Thank you for this (and all your articles)! It allowed me to check and optimize a slow function (and revealed some really stupid thinking on my part) from 12 seconds to less than one!
The edb-debugger module on pgfoundry also contains an excellent plpgsql profiling tool, which allows you to gather similar data (plus some). It’s less invasive (no code changes required) but you need to explicitly turn it on/off in each session to be traced.
I’m using it a bit to discover potential improvements in my plpgsql. By day I’m an Oracle developer, but I’ve found the postgres offering to be easier to use and more useful than Oracle’s dbms_profiler.
ever tried track_functions in postgresql 8.4?
@ASH:
sure. not sure though how’s that relevant. track_functions tracks how many times function was called. This blogpost is about checking how much time parts of function take.
Depesz WTF, this blog layout is awful. Bring back the old one.
@TOM:
no way. 2 people complained about new layout (you and metys), and all other opinions i got were: “YAY, it’s so much better than previous”.
@depesz make that 3. At least people could choose the layout before.
@Matthew:
heh, perhaps I should add a poll – “Do you like new layout” 🙂
But since, you made it to 3 – theme chooser is back 🙂
Yay! “AS 400” selected here.
That windowing stuff is a mind bender. How about this instead?

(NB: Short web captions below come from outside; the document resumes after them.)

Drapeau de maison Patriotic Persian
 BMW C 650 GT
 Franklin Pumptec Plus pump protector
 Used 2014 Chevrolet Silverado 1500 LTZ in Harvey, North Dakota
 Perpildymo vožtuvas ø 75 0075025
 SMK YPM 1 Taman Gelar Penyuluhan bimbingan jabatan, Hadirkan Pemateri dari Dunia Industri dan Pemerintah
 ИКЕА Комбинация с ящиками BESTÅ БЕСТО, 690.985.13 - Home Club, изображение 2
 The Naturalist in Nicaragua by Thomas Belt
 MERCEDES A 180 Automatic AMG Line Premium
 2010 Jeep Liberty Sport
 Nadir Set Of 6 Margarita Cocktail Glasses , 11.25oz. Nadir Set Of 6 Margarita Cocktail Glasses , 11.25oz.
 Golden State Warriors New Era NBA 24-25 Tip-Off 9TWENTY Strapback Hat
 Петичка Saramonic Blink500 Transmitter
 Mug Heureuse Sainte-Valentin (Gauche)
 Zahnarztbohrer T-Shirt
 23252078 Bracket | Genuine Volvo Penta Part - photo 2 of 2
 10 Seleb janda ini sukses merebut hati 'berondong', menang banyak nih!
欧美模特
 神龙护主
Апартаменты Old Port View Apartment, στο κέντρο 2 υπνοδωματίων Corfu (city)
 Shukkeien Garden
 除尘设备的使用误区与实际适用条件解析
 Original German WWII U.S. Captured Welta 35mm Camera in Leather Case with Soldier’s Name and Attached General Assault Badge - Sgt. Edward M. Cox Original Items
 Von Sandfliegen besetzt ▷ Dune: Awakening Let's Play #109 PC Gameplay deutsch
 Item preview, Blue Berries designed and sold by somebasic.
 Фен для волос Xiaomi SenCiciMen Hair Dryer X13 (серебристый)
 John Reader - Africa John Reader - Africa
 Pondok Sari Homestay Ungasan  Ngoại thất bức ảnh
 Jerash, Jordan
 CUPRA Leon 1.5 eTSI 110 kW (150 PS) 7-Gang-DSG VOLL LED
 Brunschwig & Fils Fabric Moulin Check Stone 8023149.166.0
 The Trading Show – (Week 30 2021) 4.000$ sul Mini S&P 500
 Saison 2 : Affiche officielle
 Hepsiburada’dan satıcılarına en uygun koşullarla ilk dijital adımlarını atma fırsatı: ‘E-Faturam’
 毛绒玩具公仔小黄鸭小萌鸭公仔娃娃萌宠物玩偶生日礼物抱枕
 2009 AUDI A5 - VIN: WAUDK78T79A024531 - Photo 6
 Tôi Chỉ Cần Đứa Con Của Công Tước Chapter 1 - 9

mark := clock_timestamp();
— stuff
RAISE LOG ‘Step 1 : %’, clock_timestamp() – mark;
@Brian:
Sure, it’s possible, but then you’d have to add another mark := clock_timestamp(); *after* each raise log.
Plus – you have to do more stuff on runtime (more calls to clock_timestamp, substraction), which I wanted to avoid to make the overhead as small as possible.